- IATA: none; ICAO: KMPE; FAA LID: MPE;

Summary
- Airport type: Public
- Owner: City of Philadelphia
- Serves: Philadelphia, Mississippi
- Elevation AMSL: 458 ft / 140 m
- Coordinates: 32°47′57″N 089°07′34″W﻿ / ﻿32.79917°N 89.12611°W
- Website: http://www.philadelphiathecity.com/philadelphia-municipal-airport

Map
- MPE Location of airport in MississippiMPEMPE (the United States)

Runways
| Direction | Length |  | Surface |
| ft | m |
| 18/36 | 5,001 | 1,524 | Asphalt |

Statistics (2023)
- Aircraft operations (year ending 2/3/2023): 9,552
- Based aircraft: 10
- Source: Federal Aviation Administration

= Philadelphia Municipal Airport =

Philadelphia Municipal Airport is a public use airport in Neshoba County, Mississippi, United States. It is owned by the City of Philadelphia and located two nautical miles (4 km) northwest of its central business district. This airport is included in the National Plan of Integrated Airport Systems for 2011–2015, which categorized it as a general aviation facility.

Although many U.S. airports use the same three-letter location identifier for the FAA and IATA, this airport is assigned MPE by the FAA but has no designation from the IATA (which assigned MPE to Griswold Airport in Madison, Connecticut).

== Facilities and aircraft ==
Philadelphia Municipal Airport covers an area of 60 acres (24 ha) at an elevation of 458 feet (140 m) above mean sea level.
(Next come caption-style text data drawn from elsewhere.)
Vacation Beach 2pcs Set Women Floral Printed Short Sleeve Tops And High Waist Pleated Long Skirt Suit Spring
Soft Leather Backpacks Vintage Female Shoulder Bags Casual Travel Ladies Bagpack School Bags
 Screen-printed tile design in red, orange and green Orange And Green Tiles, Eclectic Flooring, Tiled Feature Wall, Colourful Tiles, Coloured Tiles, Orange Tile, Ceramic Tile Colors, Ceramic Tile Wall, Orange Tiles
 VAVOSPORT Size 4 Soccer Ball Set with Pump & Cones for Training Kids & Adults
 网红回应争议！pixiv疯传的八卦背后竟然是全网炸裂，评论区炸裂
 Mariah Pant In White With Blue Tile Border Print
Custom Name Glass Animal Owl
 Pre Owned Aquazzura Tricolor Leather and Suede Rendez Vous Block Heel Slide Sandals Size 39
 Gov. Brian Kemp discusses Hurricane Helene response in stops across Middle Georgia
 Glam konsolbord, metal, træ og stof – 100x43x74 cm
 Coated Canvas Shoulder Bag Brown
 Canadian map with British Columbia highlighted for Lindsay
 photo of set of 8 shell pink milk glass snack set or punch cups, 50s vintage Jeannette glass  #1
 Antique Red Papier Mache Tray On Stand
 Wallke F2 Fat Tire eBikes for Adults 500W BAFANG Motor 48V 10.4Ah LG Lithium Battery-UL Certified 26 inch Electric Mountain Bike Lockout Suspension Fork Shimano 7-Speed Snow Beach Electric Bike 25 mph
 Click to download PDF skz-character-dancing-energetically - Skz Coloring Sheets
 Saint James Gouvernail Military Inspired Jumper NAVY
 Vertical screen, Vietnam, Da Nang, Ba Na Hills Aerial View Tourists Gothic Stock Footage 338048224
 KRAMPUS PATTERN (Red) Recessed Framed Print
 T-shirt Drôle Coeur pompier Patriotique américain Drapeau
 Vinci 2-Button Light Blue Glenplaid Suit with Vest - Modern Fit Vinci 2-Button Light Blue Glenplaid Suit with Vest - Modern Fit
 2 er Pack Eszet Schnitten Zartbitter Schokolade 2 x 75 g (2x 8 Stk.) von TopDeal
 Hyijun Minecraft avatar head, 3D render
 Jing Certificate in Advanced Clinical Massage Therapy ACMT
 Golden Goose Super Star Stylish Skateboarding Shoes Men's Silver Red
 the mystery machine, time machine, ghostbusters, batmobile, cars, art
It has one runway designated 18/36 with an asphalt surface measuring 5,001 by 75 feet (1,524 x 23 m).

For the 12-month period ending February 3, 2023, the airport had 9,552 aircraft operations, an average of 26 per day: 99% general aviation and 2% military. At that time there were 10 aircraft based at this airport: 6 single-engine, 2 multi-engine, and 2 jet.